- [What you should do]
Every line of the listing below from the one with "1113 N Old Highway" up to and including the one with "Neuma 29 v piña mavic" should be retyped exactly, and nothing else; pictures are not part of the copy.

- [Available data]
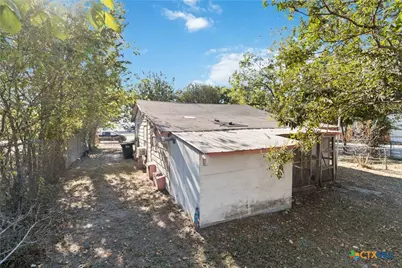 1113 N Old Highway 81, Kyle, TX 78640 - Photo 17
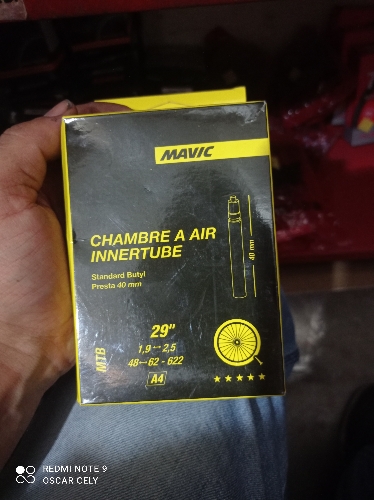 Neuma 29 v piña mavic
==
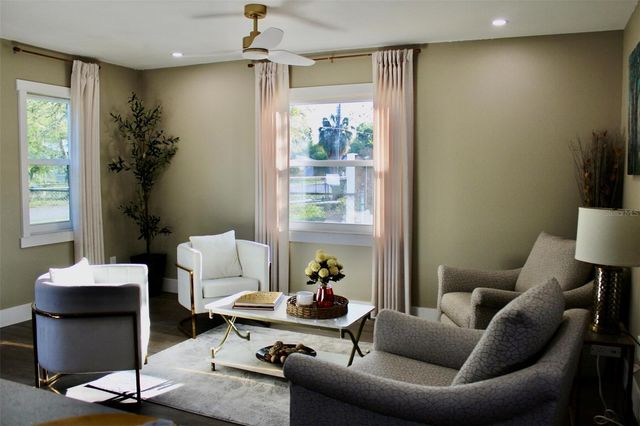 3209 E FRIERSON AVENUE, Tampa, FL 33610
==
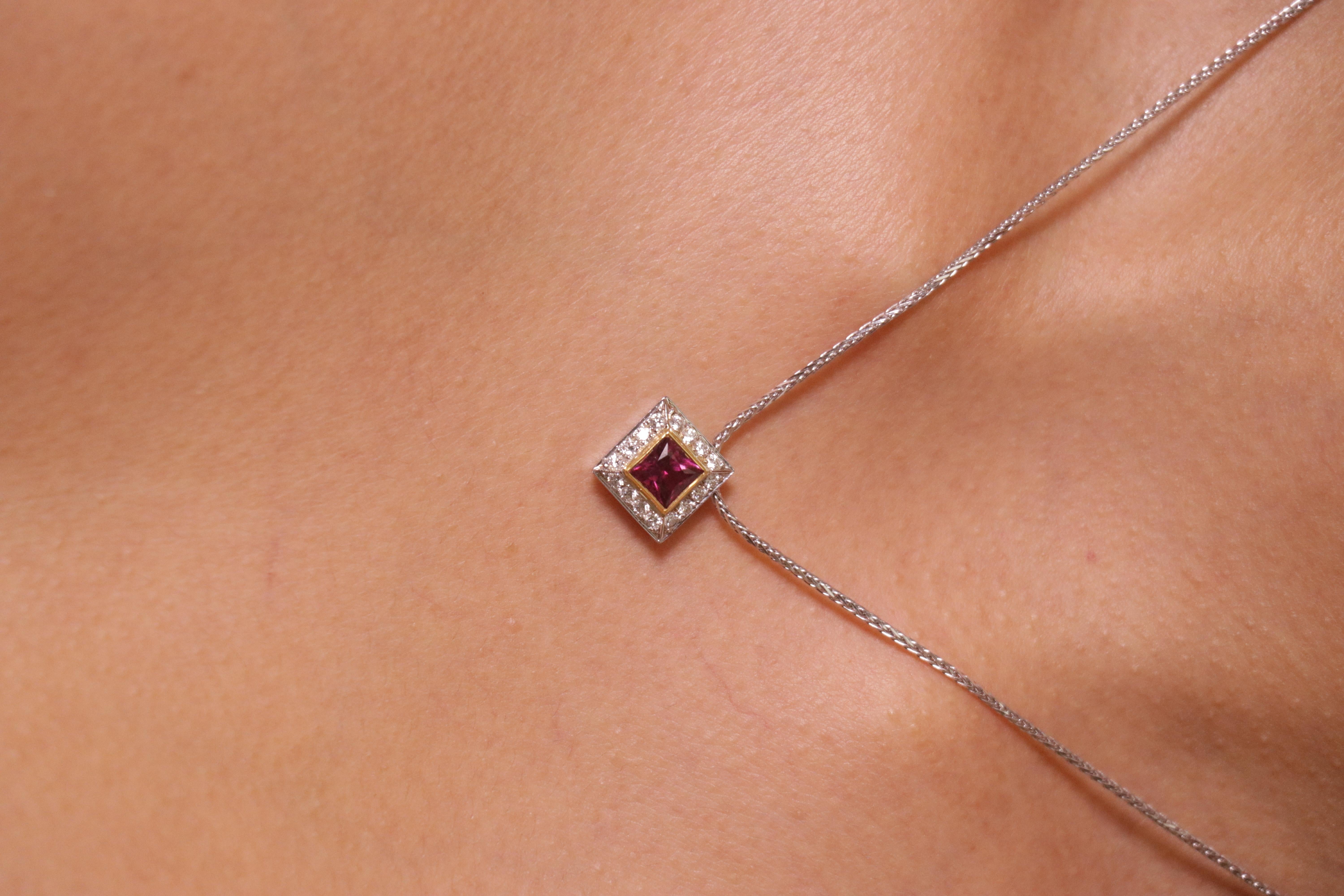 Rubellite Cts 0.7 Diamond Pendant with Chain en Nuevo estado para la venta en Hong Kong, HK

- [Answer section]
 1113 N Old Highway 81, Kyle, TX 78640 - Photo 17
 Neuma 29 v piña mavic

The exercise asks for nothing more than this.